Jack Spicer died of drink in 1965. He was 40 years old, flat broke and all but unemployable. Though his work is increasingly recognized as among the most original of the postwar period, it was virtually unknown in his lifetime.

While it must be acknowledged that Spicer himself contributed to this invisibility -- not only by his disdain for commercial publishing, but also by the formal difficulties posed by his work -- it must also be acknowledged that most of his more visible contemporaries were far too willing to ignore that work, and there was nothing benign in their neglect. Happily, we now have the first biography of this legendary San Francisco poet.

Authors Lewis Ellingham and Kevin Killian labored long and hard to bring us this remarkable montage of interviews, memoirs, photographs and correspondence, and the resulting biography will doubtless engage a much broader audience than Spicer ever actively sought or attained. Perhaps by design, Poet Be Like God deviates from the conventions of standard biography. The first half of Spicer's life, for example, is related in a scant eight pages, which curiously reflects Spicer's claim that he was born "in 1946," the year he moved to Berkeley and began his literary career.

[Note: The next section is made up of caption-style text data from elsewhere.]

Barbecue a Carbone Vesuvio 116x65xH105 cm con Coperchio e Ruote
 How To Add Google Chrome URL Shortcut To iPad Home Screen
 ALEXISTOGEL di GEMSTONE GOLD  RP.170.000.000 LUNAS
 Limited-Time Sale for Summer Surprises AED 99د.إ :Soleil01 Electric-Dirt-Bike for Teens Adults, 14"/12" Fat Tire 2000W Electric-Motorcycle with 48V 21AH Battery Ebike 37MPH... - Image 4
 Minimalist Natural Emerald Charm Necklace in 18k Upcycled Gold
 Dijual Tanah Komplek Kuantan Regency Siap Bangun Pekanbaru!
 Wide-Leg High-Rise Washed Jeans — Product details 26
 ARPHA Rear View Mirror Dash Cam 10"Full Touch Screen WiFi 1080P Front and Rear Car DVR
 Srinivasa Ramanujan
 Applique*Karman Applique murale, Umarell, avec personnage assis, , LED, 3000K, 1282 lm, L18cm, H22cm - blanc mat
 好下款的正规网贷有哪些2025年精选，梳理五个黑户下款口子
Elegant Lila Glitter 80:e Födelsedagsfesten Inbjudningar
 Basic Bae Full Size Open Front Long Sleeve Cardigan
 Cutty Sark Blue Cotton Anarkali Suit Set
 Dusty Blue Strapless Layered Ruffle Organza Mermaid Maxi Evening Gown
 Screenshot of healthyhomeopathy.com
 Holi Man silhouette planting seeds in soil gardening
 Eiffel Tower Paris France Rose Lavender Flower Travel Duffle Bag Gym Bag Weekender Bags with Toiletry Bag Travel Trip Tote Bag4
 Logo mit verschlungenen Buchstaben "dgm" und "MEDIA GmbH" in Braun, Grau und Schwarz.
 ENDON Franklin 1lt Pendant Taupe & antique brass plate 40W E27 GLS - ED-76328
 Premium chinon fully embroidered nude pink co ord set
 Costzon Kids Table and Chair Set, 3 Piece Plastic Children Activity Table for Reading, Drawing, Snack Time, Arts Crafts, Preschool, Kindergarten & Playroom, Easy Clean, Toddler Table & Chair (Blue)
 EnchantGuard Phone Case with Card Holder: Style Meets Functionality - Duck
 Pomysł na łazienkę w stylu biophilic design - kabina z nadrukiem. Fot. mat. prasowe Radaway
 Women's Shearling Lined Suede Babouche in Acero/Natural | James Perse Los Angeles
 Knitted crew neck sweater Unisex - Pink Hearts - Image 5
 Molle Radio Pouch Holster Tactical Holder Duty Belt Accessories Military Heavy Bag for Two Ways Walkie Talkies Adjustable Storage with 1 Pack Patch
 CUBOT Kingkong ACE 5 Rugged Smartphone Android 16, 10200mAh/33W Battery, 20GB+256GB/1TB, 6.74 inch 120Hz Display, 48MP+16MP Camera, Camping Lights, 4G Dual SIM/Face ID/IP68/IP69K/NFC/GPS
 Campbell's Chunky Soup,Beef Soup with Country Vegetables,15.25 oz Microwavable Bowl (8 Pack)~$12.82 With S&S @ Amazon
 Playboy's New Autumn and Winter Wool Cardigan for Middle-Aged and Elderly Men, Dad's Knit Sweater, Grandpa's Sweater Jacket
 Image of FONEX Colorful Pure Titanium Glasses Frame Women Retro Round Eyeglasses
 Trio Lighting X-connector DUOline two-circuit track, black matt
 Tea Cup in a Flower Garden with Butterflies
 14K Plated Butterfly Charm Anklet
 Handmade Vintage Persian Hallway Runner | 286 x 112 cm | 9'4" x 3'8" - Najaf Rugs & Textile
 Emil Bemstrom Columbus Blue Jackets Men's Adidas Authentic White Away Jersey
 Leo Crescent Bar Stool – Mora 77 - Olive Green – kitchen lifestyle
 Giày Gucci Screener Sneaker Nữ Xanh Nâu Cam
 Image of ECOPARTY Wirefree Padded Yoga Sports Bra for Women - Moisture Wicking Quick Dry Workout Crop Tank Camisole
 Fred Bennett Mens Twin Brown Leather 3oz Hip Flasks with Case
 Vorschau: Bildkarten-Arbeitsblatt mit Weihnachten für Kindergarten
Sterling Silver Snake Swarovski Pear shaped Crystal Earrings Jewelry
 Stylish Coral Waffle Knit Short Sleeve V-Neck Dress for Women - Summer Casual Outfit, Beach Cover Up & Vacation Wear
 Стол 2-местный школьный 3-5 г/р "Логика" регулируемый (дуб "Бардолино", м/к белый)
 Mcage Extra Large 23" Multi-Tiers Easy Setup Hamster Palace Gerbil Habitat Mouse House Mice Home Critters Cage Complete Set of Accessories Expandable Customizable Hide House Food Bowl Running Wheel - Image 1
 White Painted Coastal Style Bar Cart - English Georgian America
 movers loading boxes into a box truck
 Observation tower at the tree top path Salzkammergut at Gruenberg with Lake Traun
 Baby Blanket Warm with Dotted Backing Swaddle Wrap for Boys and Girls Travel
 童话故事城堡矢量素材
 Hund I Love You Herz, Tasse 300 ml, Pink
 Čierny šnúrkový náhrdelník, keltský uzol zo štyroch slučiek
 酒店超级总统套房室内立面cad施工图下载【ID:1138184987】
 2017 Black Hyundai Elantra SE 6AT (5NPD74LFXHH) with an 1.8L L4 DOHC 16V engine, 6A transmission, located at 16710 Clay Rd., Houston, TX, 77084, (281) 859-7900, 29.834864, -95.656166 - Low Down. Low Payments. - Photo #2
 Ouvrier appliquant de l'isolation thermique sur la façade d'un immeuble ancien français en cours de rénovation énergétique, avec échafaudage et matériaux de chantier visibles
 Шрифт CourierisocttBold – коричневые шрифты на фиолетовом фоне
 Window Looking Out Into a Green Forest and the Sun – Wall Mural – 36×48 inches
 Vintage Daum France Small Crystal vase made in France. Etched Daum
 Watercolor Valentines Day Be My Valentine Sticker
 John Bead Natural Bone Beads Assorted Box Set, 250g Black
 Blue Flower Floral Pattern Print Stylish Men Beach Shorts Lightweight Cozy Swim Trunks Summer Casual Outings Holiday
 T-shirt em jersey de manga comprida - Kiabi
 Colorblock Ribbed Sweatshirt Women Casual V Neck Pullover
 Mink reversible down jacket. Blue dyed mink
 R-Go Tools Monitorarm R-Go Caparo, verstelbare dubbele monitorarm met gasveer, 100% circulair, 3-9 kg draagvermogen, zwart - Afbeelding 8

In effect, this volume is less the biography of John L. Spicer, citizen, than it is a vividly loquacious portrait of Jack Spicer, the self-deprecating, man-loving, tough-minded poet, mentor and drunk. Nor is this Spicer's portrait alone, for it is equally the story of the gay, literary and bohemian cultures that flourished in the Bay Area in the first decades of the Cold War. Although the narrative focuses on Spicer, it amply demonstrates that his life and work were inextricably linked to those with whom he built and shared a community.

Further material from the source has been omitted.